OFX Import Matching Problem

Jack ostroffjh at users.sourceforge.net
Sun Jun 23 16:08:33 BST 2019


On 2019.06.23 03:56, Thomas Baumgart wrote:
> On Samstag, 22. Juni 2019 23:33:43 CEST Jack wrote:
> 
>> Minor point - I hope you mean default category (rather than account)  
>> for a payee.
> >
>> Primarily, I'm just trying to think of cases that might end up with  
>> unintended consequences, such as your current problem, after the  
>> change Thomas made in January.  I'm also partly just talking out  
>> loud, to make sure I understand how things work, as I often discover  
>> is not the case.  One thing I was not framing correctly in my mind  
>> is that a split transaction has only one payee, but multiple  
>> categories.  You are asking (do I have this right?) to choose the  
>> matching transaction not based on total amount of the transaction,  
>> but the closest amount (within a specified time limit) for a  
>> category specified in the configuration for the payee.  Given the  
>> newly imported transaction is not yet split, are you trying to match  
>> the total amount of the new transaction to the amount of the  
>> specified category in past transactions?  (Or am I further off the  
>> mark than I thought?)
> 
> This may get clearer for you if you start thinking in splits. Each  
> (non-zero and balanced) transaction has at least two splits: one for  
> the account and at least one for a category. The imported new  
> transaction only has one split (as the category is yet unknown). So  
> what KMyMoney does is to take a list of transactions filtered by  
> payee and account (which means: transactions that have a split with  
> the payee in that account. It would even work if each split of a  
> transaction can have a different payee, which exists as wish list  
> item). Amount comparison of the new and existing transactions happens  
> on the split referencing the account (which in fact is what you refer  
> to as the total amount). Anything else would not really work.

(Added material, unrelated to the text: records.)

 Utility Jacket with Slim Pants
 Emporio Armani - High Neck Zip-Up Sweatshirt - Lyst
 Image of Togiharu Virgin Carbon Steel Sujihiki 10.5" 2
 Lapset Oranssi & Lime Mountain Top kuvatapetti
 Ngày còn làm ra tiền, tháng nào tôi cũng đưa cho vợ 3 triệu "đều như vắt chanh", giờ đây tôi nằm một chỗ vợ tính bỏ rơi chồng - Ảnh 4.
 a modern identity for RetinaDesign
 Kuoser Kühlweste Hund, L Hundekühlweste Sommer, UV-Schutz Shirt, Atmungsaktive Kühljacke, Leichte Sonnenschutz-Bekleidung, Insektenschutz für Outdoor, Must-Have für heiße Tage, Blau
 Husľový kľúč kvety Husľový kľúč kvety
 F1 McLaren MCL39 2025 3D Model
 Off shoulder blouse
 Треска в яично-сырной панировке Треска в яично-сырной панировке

Thanks, that does give me a much better picture than I had.
> 
> The old implementation (prior to my January change) looked for a  
> transaction in that list that has the exact same amount and copied  
> the categories that were assigned. In case no transaction with the  
> exact same amount exists, it simply took the last one entered for  
> that payee.
> 
> This is what bugged me with two alternating transactions from the  
> same payee with different amounts each month: it took the wrong one  
> most of the time. Hence my change, which now works as follows:
> 
> KMyMoney looks for a transaction in the list filtered by payee and  
> account that has the exact same amount and copies the categories that  
> were assigned. In case no transaction with the exact same amount  
> exists, it simply takes the one with the smallest difference in  
> amount for that payee. While doing so, it goes back to day one of  
> your data in that account.
> 
> Brendan now asks to limit this search further by adding a date filter  
> which should be configurable on a per payee basis.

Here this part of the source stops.